L'Officiel accompagne le texte de ce discours de cette mention : Acclamations, salves redoublées d'applaudissements à gauche; l'orateur, en retournant à son banc, est chaleureusement félicité par ses collègues.

Et la presse est presque unanime à en faire l'éloge. Les Débats, tout acquis, écrivent : « Jamais la raison et le sentiment n'ont fourni à un orateur d'arguments plus solides, ou de plus nobles aspirations.
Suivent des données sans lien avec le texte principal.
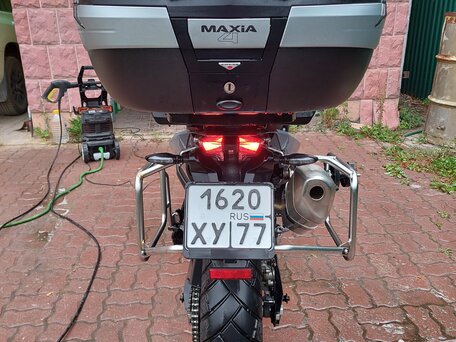 2022 KTM 890 Adventure, серый, 1200000 рублей, вид 1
Avec une logique puissante, avec une émotion contenue, l'honorable député de la Seine a plaidé non pas tant la cause de la République que celle de la France. » Le Français, qui est orléaniste, n'est pas moins élogieux dans la peinture qu'il fait de l'orateur : « Il faut le voir à la tribune avec son costume tout noir, sa redingote boutonnée, ses longs cheveux encadrant une figure sans barbe, sa tête un peu penchée, sa physionomie douce et sérieuse; semblable à un prédicant anglais ou américain. » La complaisance avec laquelle le journal peint l'orateur révèle la profonde impression qu'il a produite. Cette impression, la République française la constate en disant l'effet extraordinaire du discours. « L'Assemblée n'en a pas entendu de plus substantiel, de plus puissant, de plus habile, ni d'un plus grand effet. L'Assemblée a été remuée, secouée, ébranlée. » L'Union ne rend pas elle-même moins justice à l'orateur. « La véritable discussion, écrit-elle, a commencé avec M. Laboulaye »; « il a parlé avec calme et modération de la monarchie et de son prétendant, il a su se faire écouter par l'Assemblée conquise. »

Et en effet Laboulaye avait parlé avec la modération, la raison, l'éloquence qui convainquent et qui entraînent, ménageant ses adversaires, leur montrant la vanité de leurs espérances, dissipant leurs préventions contre la République, leur montrant le danger d'un avortement et le spectre des élections qui le suivraient.

Malheureusement la séance continua et l'on ne vota pas sous l'impression produite par ce discours sensationnel. De la Bassetière évoqua les déceptions des conservateurs qui, en 1848, avaient fait l'essai loyal de la République.

Louis Blanc surtout, longuement et confusément, malgré ses amis, discourut sur la manière dont la question était posée; si bien que l'Assemblée étant lasse, et pour amortir l'effet du discours de Laboulaye, on demanda et on vota le renvoi du vote au lendemain.

[p.328]

Le lendemain, 29 janvier, on procéda donc au vote sur l'amendement défendu par Laboulaye; on sentait tellement son importance que des députés malades s'étaient fait porter à l'Assemblée et qu'on dépouilla le scrutin avec des précautions toutes spéciales. Il donna 359 voix contre et 336 pour.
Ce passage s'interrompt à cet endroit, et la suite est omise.